- _WORK TO COMPLETE_: Would you return exactly the lines from the top of the data below through the one containing "Tropical Beach Window Glass Wall Art", leaving out the pictures?

Pictures with short captions
[Start of section]

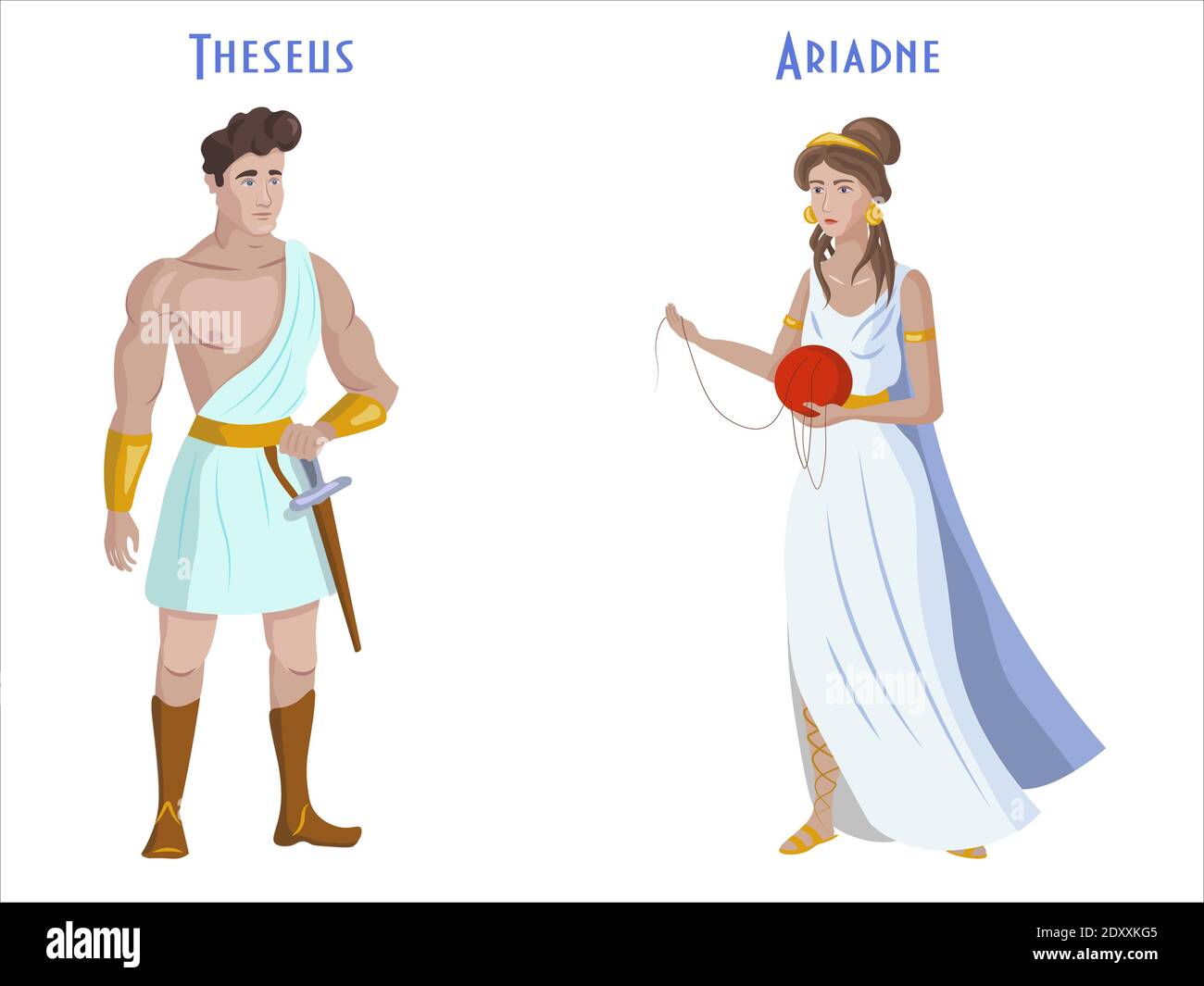 Vector art Theseus et Ariadne avec un fil Illustration de Vecteur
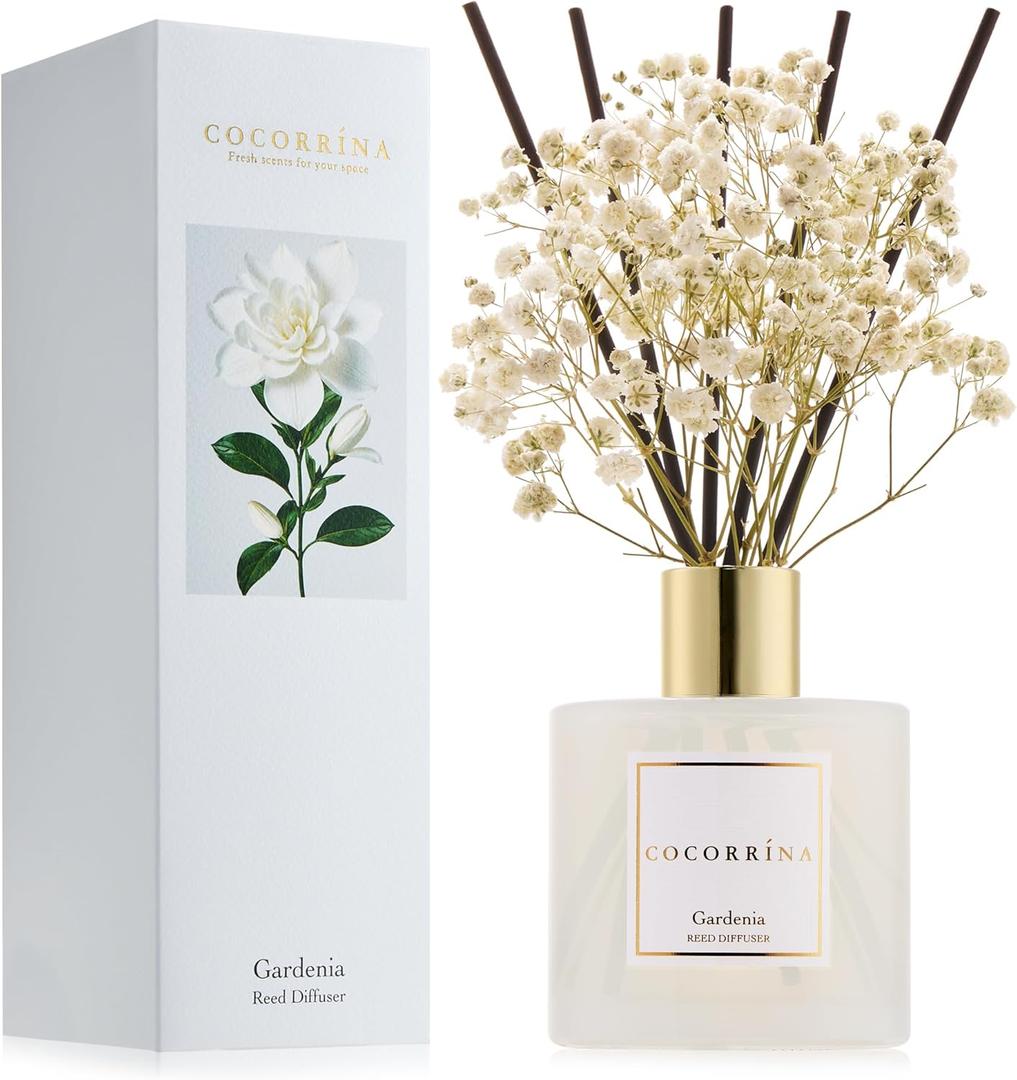 COCORRNA Reed Diffuser - Gardenia 6.7 Fl.oz Reed Diffuser Set with Sticks & Preserved Baby's Breath, Reed Diffuser for Home Bathroom Shelf Decor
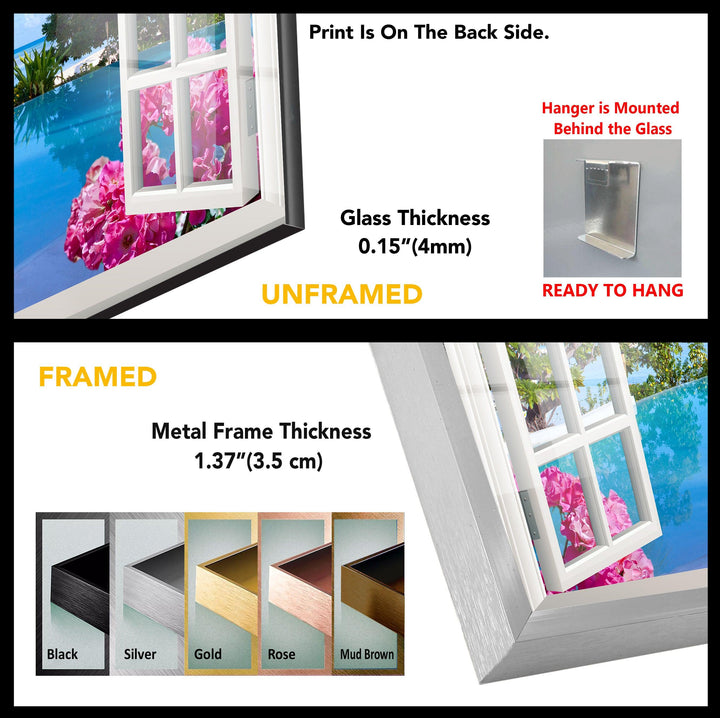 Tropical Beach Window Glass Wall Art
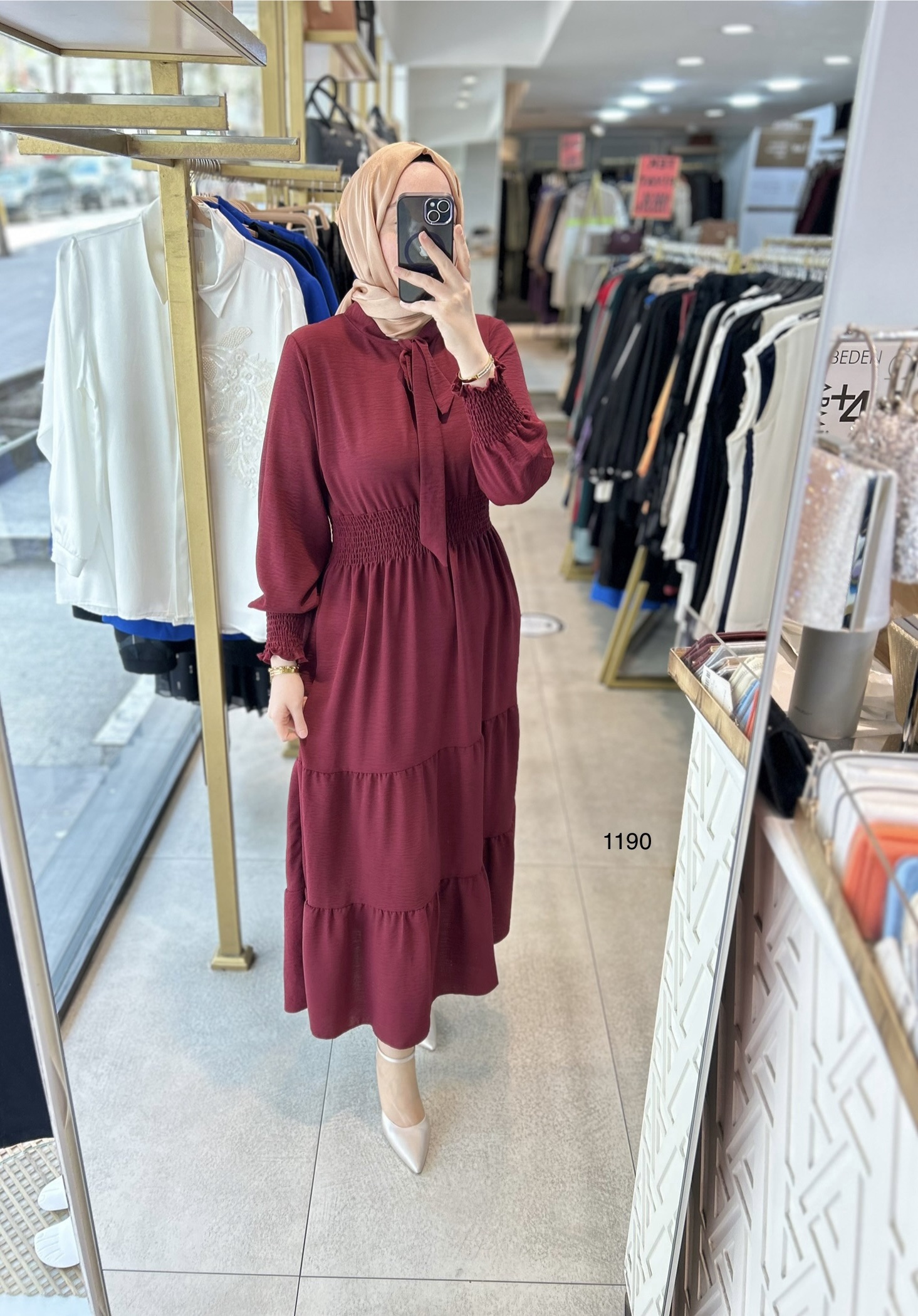 1199 BELİ LASTİKLİ YAKA DETAYLI ELBİSE - Görsel 1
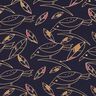 Viskosestoff Art Deco Vögel – nachtblau/sand,  thumbnail number 1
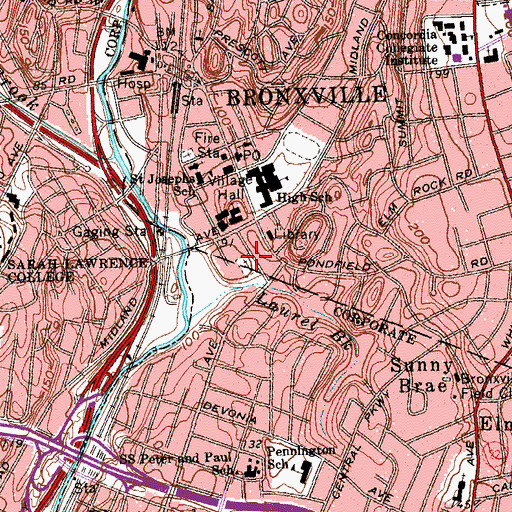 Topographic Map of Bronxville Cemetery, NY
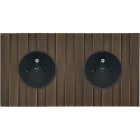MODELEC - Façade Empreintes LIGNE Vieux Bronze Double Horizontale 2 Prises de Courant, mag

[End of section]

- _TASK OUTPUT_:
 Vector art Theseus et Ariadne avec un fil Illustration de Vecteur
 COCORRNA Reed Diffuser - Gardenia 6.7 Fl.oz Reed Diffuser Set with Sticks & Preserved Baby's Breath, Reed Diffuser for Home Bathroom Shelf Decor
 Tropical Beach Window Glass Wall Art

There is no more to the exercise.